PCR, polymerase chain reaction.

Analysis of imprinted genes

The degree of methylation at the differentially methylated region (DMR) locus of five potentially imprinted genes (H19, Meg3IG, Igf2r, Peg5, and Peg10) was analyzed by combined bisulfite restriction analysis (COBRA). These regions of each gene have been assessed for their imprinted status in the rat genome by Shinohara et al. [19]. Genomic DNA from each sample was treated with 3.09 M sodium bisulfite, which deaminates unmethylated cytosines to uracils, but does not affect 5-methylated cytosines, and 0.5 mM hydroquinone. The DMRs were amplified by PCR (43 cycles of 95°C for 30 s, 55°C–59°C for 30 s, and 72°C for 1 min) using specific primers (Table 2), and then digested with restriction enzymes as described by Kanatsu-Shinohara et al. [20]. The intensity of digested bands was quantified using ImageJ software (National Institutes of Health, Bethesda, MD).

Table 2.

Sequences of Primers Used For COBRA

Genes	Forward	Reverse
H19	GAGGGTTTTAAATTTTATTAGGAGGG	ACACCCCAAAAATCATTAACATCTA
Meg3IG	GGGTTTATTGTGTATAAGGATTGTG	AATTCCATCAAAAATTTCAAAACTC
Igf2r	ATAGTATAATAGGAATTATATTAAAAATTT	ACTCCAACTAAAAATTCCAAACTAC
Peg5	GGTATATATTTTGTTTTTTGAGAGATTTT	AAATACCCTCCTACCACCTTAATAC
Peg10	TTTTATGTTTTTAGTGTATTAATGGG	CAAAACTCCATTTTATCTACCACC

COBRA, combined bisulfite restriction analysis.
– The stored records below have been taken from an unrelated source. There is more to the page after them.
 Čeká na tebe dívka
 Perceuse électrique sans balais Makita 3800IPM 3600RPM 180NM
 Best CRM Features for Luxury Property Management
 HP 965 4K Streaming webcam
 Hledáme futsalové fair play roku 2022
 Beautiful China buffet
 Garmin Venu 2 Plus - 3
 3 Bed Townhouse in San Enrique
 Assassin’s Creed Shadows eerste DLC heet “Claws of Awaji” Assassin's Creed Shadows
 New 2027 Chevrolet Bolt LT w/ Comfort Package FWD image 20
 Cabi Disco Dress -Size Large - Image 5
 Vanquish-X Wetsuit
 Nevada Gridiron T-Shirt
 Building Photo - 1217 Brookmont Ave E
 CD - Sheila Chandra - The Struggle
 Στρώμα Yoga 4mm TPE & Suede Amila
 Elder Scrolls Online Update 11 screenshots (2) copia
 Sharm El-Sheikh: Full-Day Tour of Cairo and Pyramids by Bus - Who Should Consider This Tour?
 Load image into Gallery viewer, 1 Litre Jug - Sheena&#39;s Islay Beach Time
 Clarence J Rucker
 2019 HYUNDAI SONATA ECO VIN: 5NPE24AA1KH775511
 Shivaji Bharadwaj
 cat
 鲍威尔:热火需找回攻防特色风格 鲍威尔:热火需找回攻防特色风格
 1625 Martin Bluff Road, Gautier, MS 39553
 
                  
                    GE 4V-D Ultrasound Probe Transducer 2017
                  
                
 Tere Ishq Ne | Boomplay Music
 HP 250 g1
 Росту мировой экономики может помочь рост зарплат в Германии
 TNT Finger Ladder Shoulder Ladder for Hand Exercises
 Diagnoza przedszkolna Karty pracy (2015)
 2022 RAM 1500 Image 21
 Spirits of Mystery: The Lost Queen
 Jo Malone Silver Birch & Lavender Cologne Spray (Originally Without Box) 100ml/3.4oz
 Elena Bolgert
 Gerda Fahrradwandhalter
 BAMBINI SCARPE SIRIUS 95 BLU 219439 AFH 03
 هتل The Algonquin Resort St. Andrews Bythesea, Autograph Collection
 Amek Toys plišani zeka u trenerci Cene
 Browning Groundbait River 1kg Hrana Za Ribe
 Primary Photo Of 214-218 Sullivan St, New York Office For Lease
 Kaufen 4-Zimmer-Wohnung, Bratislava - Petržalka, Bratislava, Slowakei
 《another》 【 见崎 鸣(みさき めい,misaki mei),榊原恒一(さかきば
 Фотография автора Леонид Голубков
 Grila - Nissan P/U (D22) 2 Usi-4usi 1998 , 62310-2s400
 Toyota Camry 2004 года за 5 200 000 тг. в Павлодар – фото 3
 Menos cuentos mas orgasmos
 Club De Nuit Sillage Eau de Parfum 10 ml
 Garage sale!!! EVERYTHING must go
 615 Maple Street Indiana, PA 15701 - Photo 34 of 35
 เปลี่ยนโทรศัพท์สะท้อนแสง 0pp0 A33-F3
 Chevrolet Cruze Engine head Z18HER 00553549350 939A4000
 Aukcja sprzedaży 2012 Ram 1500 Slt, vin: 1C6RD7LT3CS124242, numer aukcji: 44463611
Immunofluorescence microscopy

The pES cells were cultured with MEFs on the cover-grass in tissue culture grade four-well plates. After 2 days, the cells were washed twice in the 2iF medium and fixed in freshly prepared 4% paraformaldehyde in phosphate-buffered saline (PBS) for 1 h at room temperature. The cells were incubated in 100% EtOH for 30 min at −20°C, rinsed in PBS and blocking buffer (10% goat serum in PBS), and permeabilized with 0.1% Triton X-100 in the blocking buffer for 1 h at room temperature. Then, the cells were incubated 4 h at 4°C with each specific first antibody. Primary antibodies used include Oct-4 (1:200 for 4 h; Santa Cruz Biotechnology, Santa Cruz, CA), SSEA-1 (1:200 for 4 h; Santa Cruz Biotechnology), Sox2 (1:100 for 3 days; Santa Cruz Biotechnology), and Nanog (1:200 for 4 h; Abcam^®, Cambridge, United Kingdom). Alexa Fluor 568 secondary antibodies (1:1,000 for 1 h; Invitrogen) were counterstained with 0.2 μg/mL 4′,6-diamidino-2-phenylindole in PBS, and then the samples were enclosed by Prolong Gold. Fluorescent images were taken under a Nikon microscope using appropriate filters.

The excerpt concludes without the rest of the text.